Management of Elevated Cholesterol in the Primary Prevention Group of Adult Japanese - MEGA


The goal of the trial was to evaluate pravastatin therapy in addition to diet modification with diet modification alone among Japanese patients with hypercholesterolemia.

Study Design

Study Design:

Patients Enrolled: 7832
Mean Follow Up: Mean 5.3 years
Mean Patient Age: Mean age 58 years
Female: 68

Patient Populations:

Men age 40 to 70 years and postmenopausal women up to age 70 years with total cholesterol 220-270 mg/dL; weight ≥40 kg.

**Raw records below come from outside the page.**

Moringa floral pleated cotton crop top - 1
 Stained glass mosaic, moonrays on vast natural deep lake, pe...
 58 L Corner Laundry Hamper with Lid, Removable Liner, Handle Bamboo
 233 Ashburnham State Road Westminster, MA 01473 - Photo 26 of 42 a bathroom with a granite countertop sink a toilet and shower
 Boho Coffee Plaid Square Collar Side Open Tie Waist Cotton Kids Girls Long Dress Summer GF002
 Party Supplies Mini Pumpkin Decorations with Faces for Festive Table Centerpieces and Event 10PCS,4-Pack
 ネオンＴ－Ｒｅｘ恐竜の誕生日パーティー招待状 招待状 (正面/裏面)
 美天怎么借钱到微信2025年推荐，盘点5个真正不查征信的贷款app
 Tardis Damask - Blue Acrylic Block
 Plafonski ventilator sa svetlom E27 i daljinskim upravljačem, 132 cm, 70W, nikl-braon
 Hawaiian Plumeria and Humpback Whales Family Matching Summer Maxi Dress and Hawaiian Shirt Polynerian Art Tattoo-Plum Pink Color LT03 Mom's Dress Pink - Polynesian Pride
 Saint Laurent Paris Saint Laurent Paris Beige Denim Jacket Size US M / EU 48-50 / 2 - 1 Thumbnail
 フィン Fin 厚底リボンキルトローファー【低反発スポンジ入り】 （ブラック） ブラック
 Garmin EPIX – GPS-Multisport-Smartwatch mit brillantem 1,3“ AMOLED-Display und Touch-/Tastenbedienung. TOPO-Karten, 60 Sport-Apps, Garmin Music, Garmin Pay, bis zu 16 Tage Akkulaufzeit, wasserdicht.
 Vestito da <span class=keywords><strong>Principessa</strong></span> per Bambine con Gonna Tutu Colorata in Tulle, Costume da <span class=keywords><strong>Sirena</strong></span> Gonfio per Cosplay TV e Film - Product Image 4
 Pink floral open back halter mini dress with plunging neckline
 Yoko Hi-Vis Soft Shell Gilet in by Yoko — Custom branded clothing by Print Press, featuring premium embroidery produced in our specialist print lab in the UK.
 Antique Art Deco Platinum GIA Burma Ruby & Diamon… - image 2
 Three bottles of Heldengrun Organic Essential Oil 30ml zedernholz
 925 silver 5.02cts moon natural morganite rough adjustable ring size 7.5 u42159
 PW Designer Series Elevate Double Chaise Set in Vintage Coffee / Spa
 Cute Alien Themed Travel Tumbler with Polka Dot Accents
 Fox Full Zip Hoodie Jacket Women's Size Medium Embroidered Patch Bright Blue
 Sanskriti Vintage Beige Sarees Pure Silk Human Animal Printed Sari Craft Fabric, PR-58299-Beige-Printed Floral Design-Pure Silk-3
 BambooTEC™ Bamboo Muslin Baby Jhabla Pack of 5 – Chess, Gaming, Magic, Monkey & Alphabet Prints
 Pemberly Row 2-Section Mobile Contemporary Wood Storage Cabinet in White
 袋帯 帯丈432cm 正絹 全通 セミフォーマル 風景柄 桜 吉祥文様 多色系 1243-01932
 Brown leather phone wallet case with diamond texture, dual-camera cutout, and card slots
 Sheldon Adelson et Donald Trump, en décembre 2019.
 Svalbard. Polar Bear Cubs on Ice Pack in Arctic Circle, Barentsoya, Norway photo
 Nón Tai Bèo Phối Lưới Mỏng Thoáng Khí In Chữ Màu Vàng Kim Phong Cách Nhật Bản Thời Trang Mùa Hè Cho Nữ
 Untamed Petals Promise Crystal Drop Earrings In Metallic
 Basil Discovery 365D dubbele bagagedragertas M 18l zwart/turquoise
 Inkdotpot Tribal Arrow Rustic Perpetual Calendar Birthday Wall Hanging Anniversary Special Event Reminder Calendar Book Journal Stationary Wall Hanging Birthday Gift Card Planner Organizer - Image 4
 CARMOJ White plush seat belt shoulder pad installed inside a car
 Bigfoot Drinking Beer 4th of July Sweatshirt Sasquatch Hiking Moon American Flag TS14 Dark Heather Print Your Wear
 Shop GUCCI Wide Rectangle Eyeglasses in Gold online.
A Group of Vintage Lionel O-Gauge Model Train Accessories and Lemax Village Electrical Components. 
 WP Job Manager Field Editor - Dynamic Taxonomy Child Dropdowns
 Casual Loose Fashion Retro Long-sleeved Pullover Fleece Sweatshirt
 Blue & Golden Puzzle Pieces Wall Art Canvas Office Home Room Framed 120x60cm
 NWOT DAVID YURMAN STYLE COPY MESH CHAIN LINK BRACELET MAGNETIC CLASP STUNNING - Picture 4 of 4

Familial hypercholesterolemia; history of coronary heart disease, stroke, TIA, or cancer

Primary Endpoints:

Composite of coronary heart disease events, defined as cardiac and sudden death, fatal and nonfatal myocardial infarction (MI), angina, and cardiac or vascular intervention

Secondary Endpoints:

Stroke, CHD composite or cerebral infarction, any cardiovascular event, total mortality

Drug/Procedures Used:

The trial was conducted in Japan from 1994 through 1999. Patients were randomized to diet modification alone (n=3,966) or diet modification plus pravastatin (10-20 mg per day; n=3,866). Patients were followed for a mean of 5.3 years.

Principal Findings:

Baseline characteristics were well-balanced between groups, with mean BMI of 23.8 kg/m2, 21% diabetics, and 20% current/past smokers. Total cholesterol at baseline was 242.6 mg/dL, LDL was 157 mg/dL, HDL was 57.5 mg/dL, and triglycerides was 127 mg/dL. Total cholesterol was reduced by 11.5 mg/dL in the pravastatin group and by 2.1 mg/dL in the diet alone group. Likewise, the reduction in LDL was greater in the pravastatin group (-18.0 vs -3.2 mg/dL). HDL increased by 5.8 mg/dL in the pravastatin group and by 3.2 mg/dL in the diet alone group, while triglycerides were reduced by 3.1 mg/dL in the pravastatin group but increased by 1.3 mg/dL in the diet alone group.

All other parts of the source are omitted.